# lasagne
* lasagne is a library for neural network building and training
* it's a low-level library with almost seamless integration with theano

For a demo we shall solve the same digit recognition problem, but at a different scale
* images are now 28x28
* 10 different digits
* 50k samples

In [1]:
import numpy as np
import theano
import theano.tensor as T
import matplotlib.pyplot as plt
import sys
import os

%matplotlib inline

In [2]:
if sys.version_info[0] == 2:
    from urllib import urlretrieve
else:
    from urllib.request import urlretrieve

def download(filename, source='http://yann.lecun.com/exdb/mnist/'):
    print("Downloading %s" % filename)
    urlretrieve(source + filename, filename)

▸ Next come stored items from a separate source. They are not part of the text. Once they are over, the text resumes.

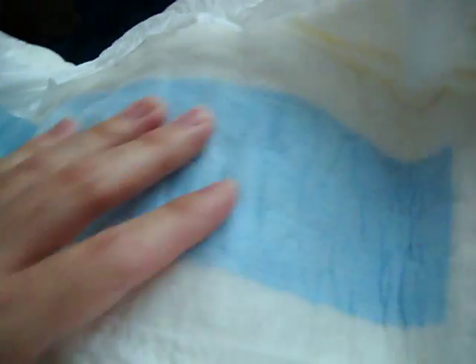Let's open it up. Nice blue core there. Oh, a long blue core. I like diapers to have these core things — they're like pads, like inserted pads. And they can absorb more.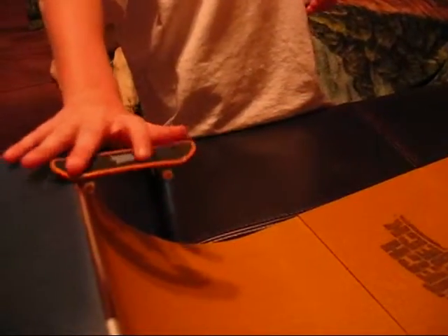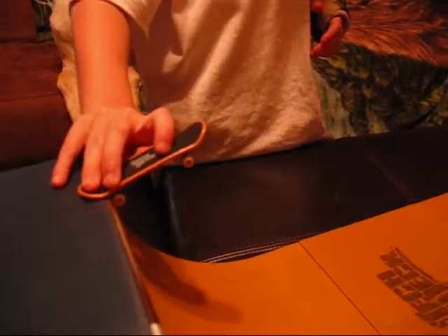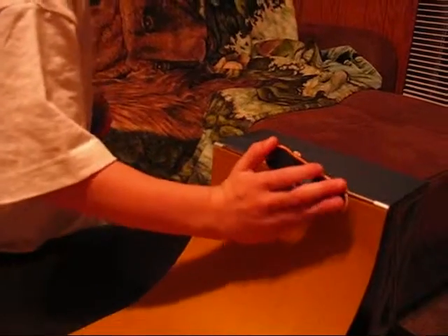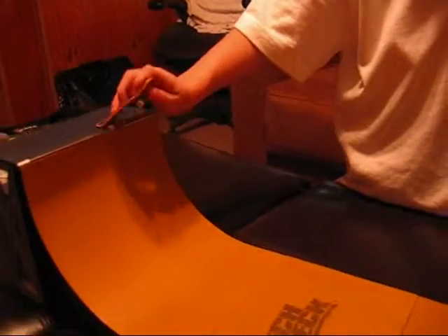So, first you need to get in your stance, and then you go down, and then you just turn your board as fast as you can, and then you make it all like that. And then you fall down. So, it's going to look like this.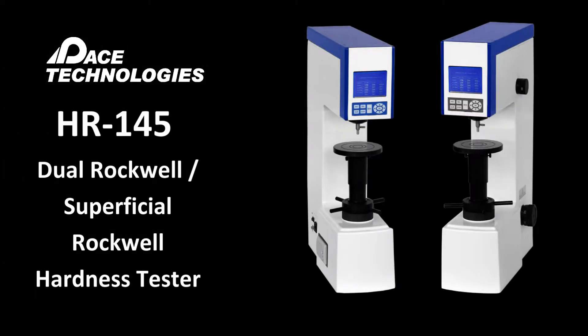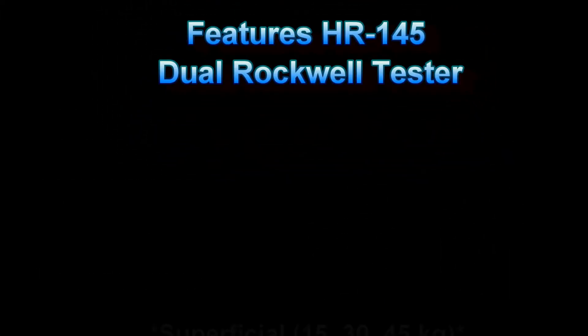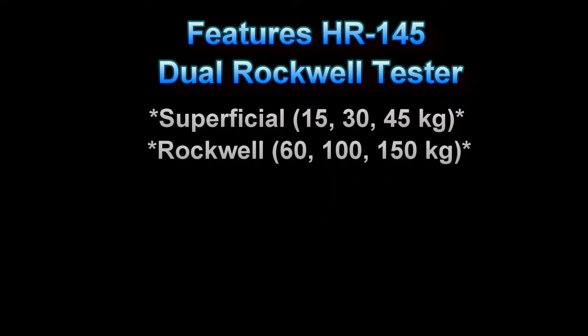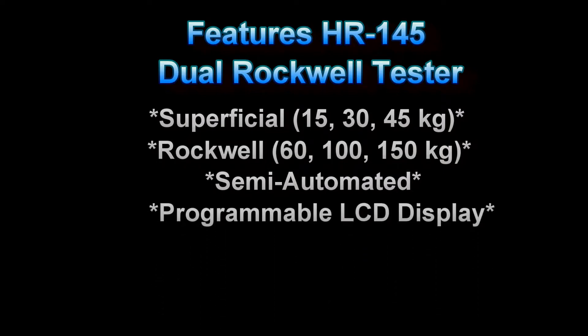The HR145 is a dual Rockwell and superficial Rockwell tester. The features include a superficial hardness range, the standard Rockwell hardness range, it is semi-automated, has a programmable LCD display, it is easy to use, and economical.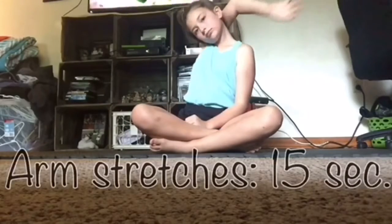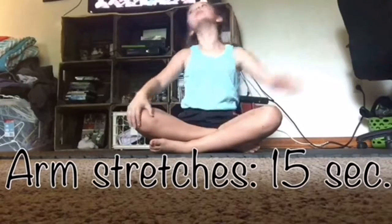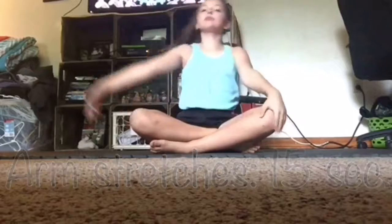Make sure to give this video a thumbs up and subscribe. First, you're going to want to do arm stretches for 15 seconds each. This will help you approach your cartwheel. In this video I didn't do the full 15 seconds each since I had already stretched before filming.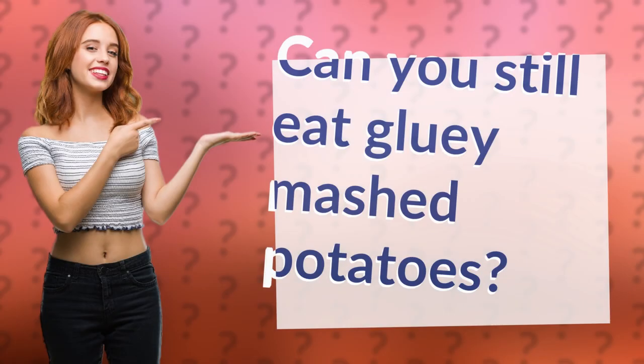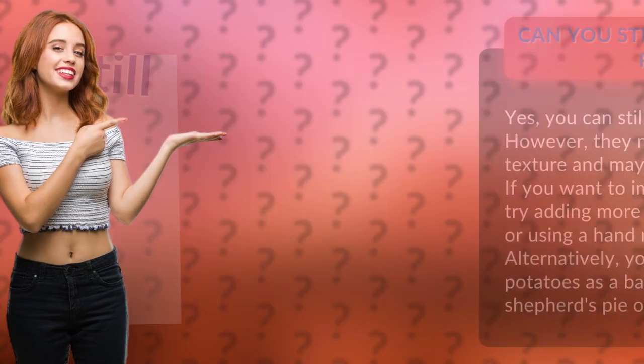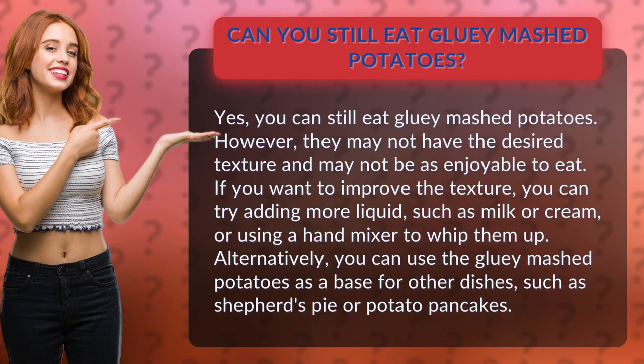Can you still eat gluey mashed potatoes? Yes, you can still eat gluey mashed potatoes; however, they may not have the desired texture and may not be as enjoyable to eat.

# We then define functions for loading MNIST images and labels.
# For convenience, they also download the requested files if needed.
import gzip

def load_mnist_images(filename):
    if not os.path.exists(filename):
        download(filename)
    # Read the inputs in Yann LeCun's binary format.
    with gzip.open(filename, 'rb') as f:
        data = np.frombuffer(f.read(), np.uint8, offset=16)
    # The inputs are vectors now, we reshape them to monochrome 2D images,
    # following the shape convention: (examples, channels, rows, columns)
    data = data.reshape(-1, 1, 28, 28)
    # The inputs come as bytes, we convert them to float32 in range [0,1].
    # (Actually to range [0, 255/256], for compatibility to the version
    # provided at http://deeplearning.net/data/mnist/mnist.pkl.gz.)
    return data / np.float32(256)

def load_mnist_labels(filename):
    if not os.path.exists(filename):
        download(filename)
    # Read the labels in Yann LeCun's binary format.
    with gzip.open(filename, 'rb') as f:
        data = np.frombuffer(f.read(), np.uint8, offset=8)
    # The labels are vectors of integers now, that's exactly what we want.
    return data

# We can now download and read the training and test set images and labels.
X_train = load_mnist_images('train-images-idx3-ubyte.gz')
y_train = load_mnist_labels('train-labels-idx1-ubyte.gz')
X_test = load_mnist_images('t10k-images-idx3-ubyte.gz')
y_test = load_mnist_labels('t10k-labels-idx1-ubyte.gz')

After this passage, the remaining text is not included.